An advertising poster by one of Polish mobile operators featuring a caricature of former Soviet leader Vladimir Lenin is pictured in Warsaw on January 8, 2013. (AFP Photo/Janek Skarzynski)
A leading Polish mobile operator had to retract its newly-launched advertising campaign featuring Soviet communist leader Vladimir Lenin after facing a wave of protests.
In the ads for Polska Telefonia Cyfrowa, a cartoon of Lenin urged customers to sign up for the company’s newest offer.
The use of Lenin for marketing purposes outraged Polish activists.

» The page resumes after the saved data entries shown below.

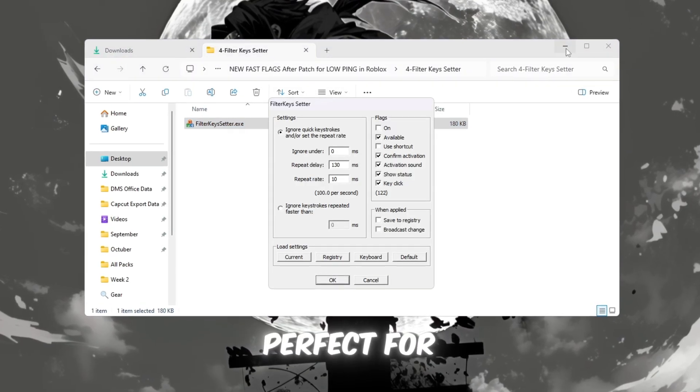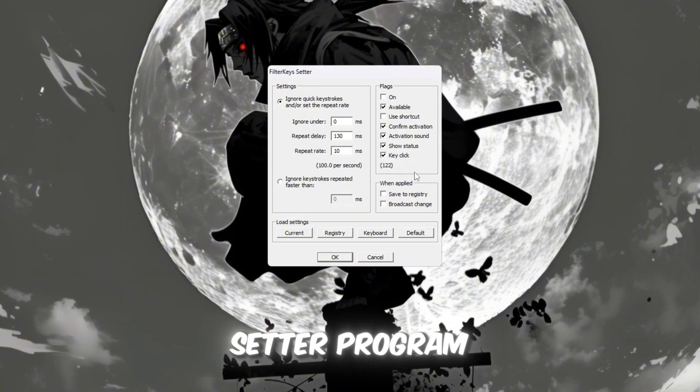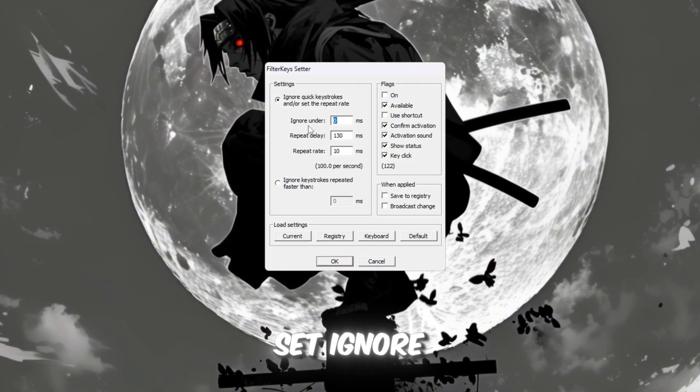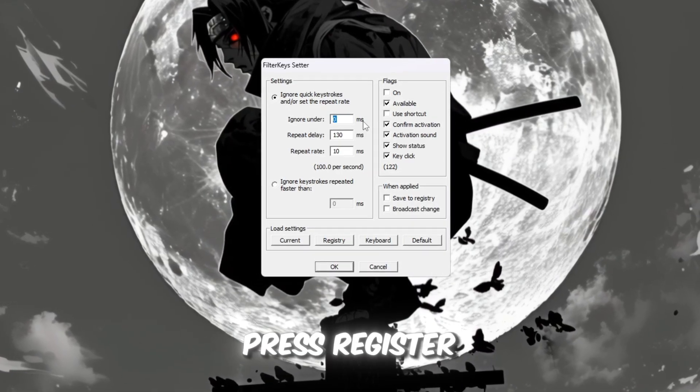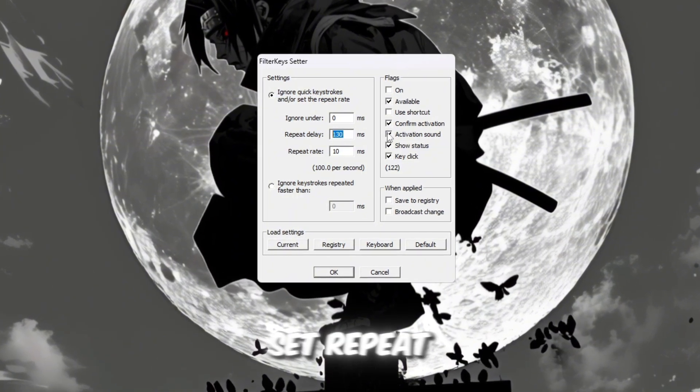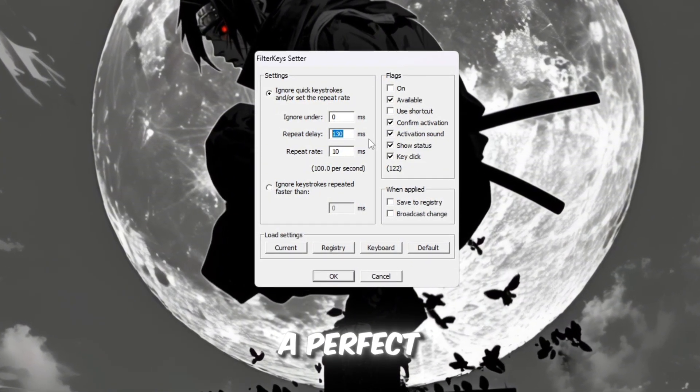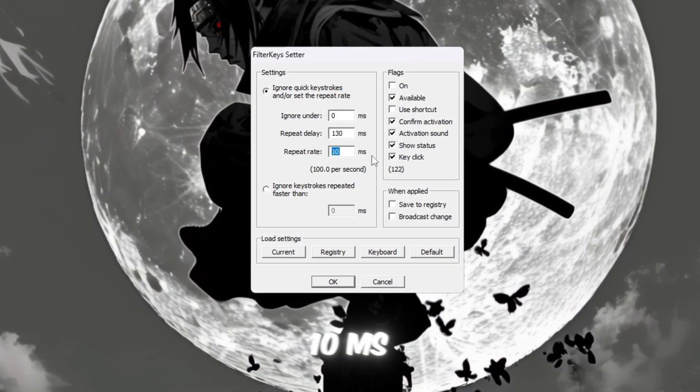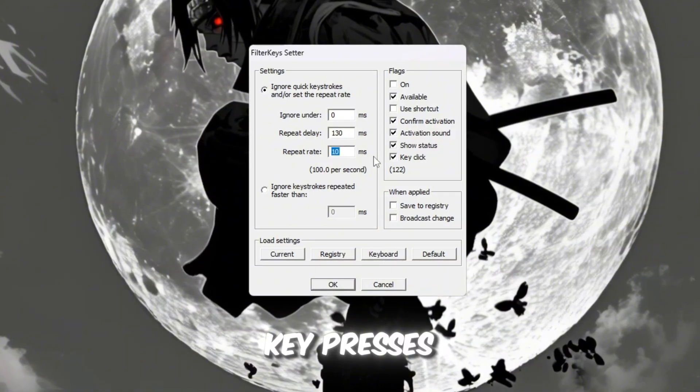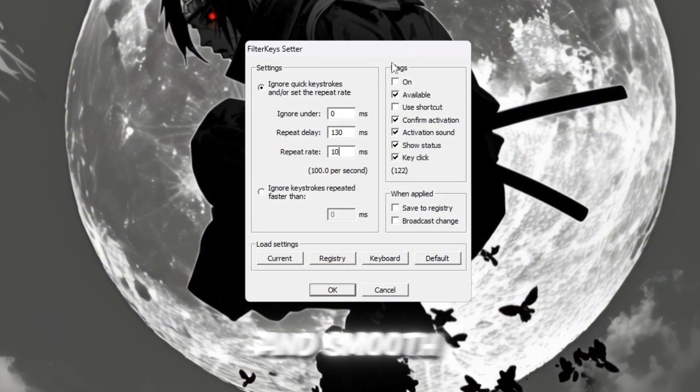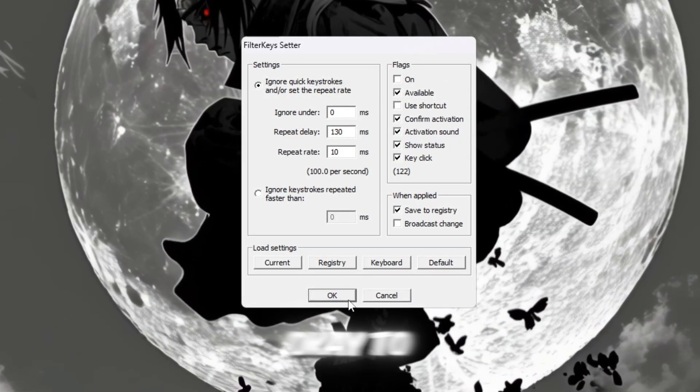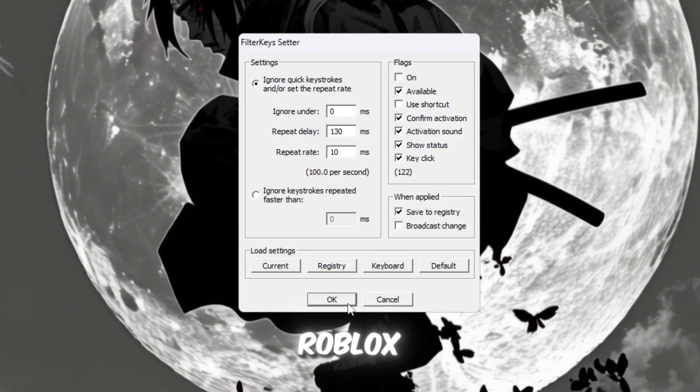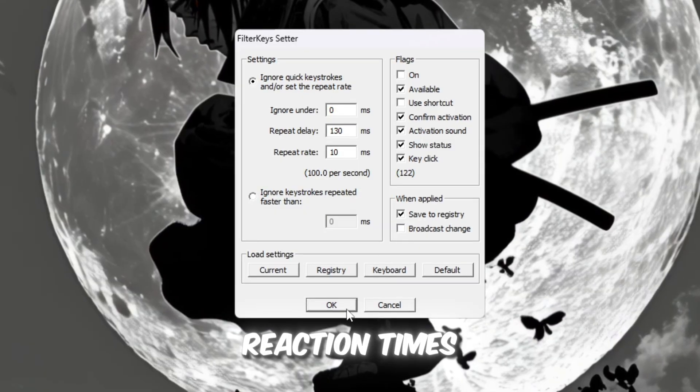Open the Filter Keys Setter program and make these changes: Set Ignore Under to 0 MS. This makes every key press register instantly with no delay. Set Repeat Delay to 130 MS, which is a perfect balance to stop accidental presses. Set Repeat Rate to 10 MS, making repeated key presses like holding W or spacebar super fast and smooth. On the right-hand side, make sure the settings are enabled, then click OK to save them. These settings make your keyboard react faster in Roblox, especially in games that require quick movement, aiming, or reaction times.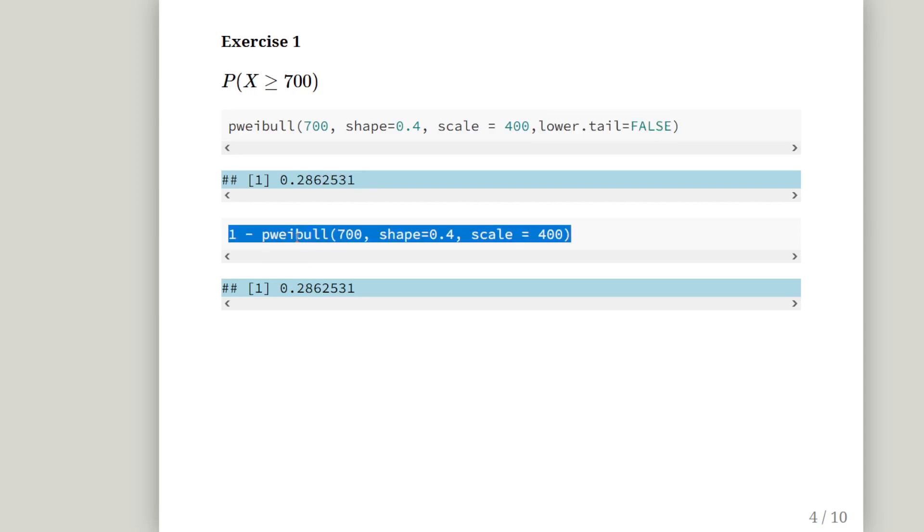Or, you could be more explicit about it as a complement by just getting 1 minus pweibull, 700, shape equals 0.4, scale equals 400.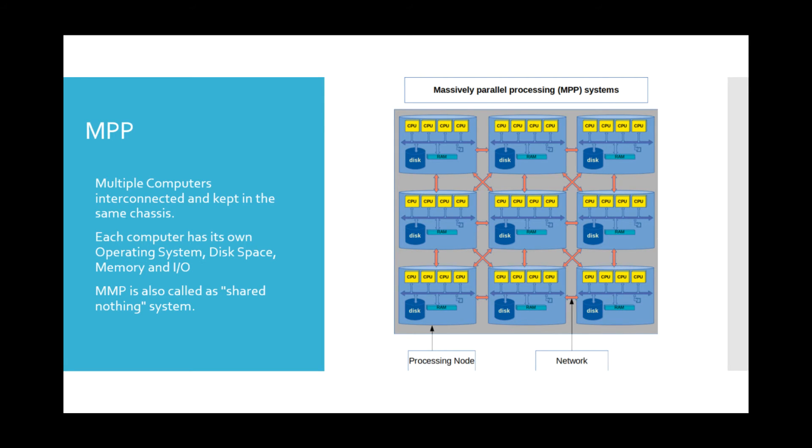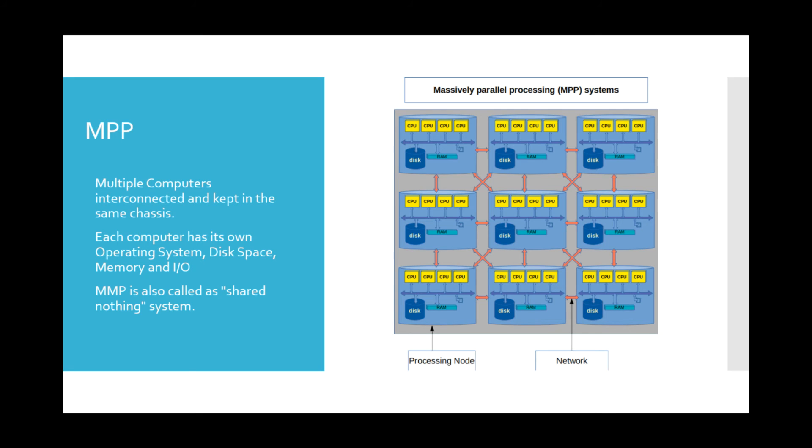has its own resources, the performance of the MPP system is way better than SMP systems. To scale the MPP system, more computers can be added.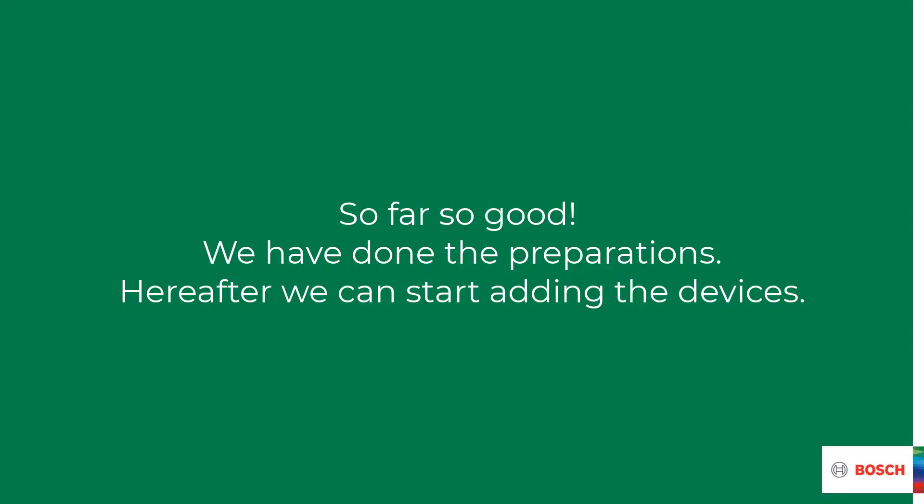This is where the preparation ends. In the next video we will configure the controller with an entrance, a door and two readers.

Lukasz Kaminski, head of the Institute of National Remembrance, condemned the campaign, saying it “is irresponsible and trivializes mass crimes and their victims.”
INR is a Polish government-affiliated organization mainly investigating Nazi and Soviet crimes committed in Poland between 1939 and 1989.
The mobile company reacted immediately by shutting the controversial campaign down.
“In view of the unfavorable comments that have been expressed against the campaign, as well as the emergence of ideological threads in the discussion, we have decided to end [the campaign],” the company said in the official statement.
Along with other Soviet Communist leaders, the name of Lenin invokes negative sentiment in Poland, as many still remember the crimes committed by the Soviet Union against the Polish people.
In May 2012, protests broke out in Polish Gdansk as Lenin`s name was temporarily reinstated for a movie shoot.
Over a hundred protesters gathered together singing “We will hang communists on the trees instead of leaves” and throwing eggs at portraits of communist leaders.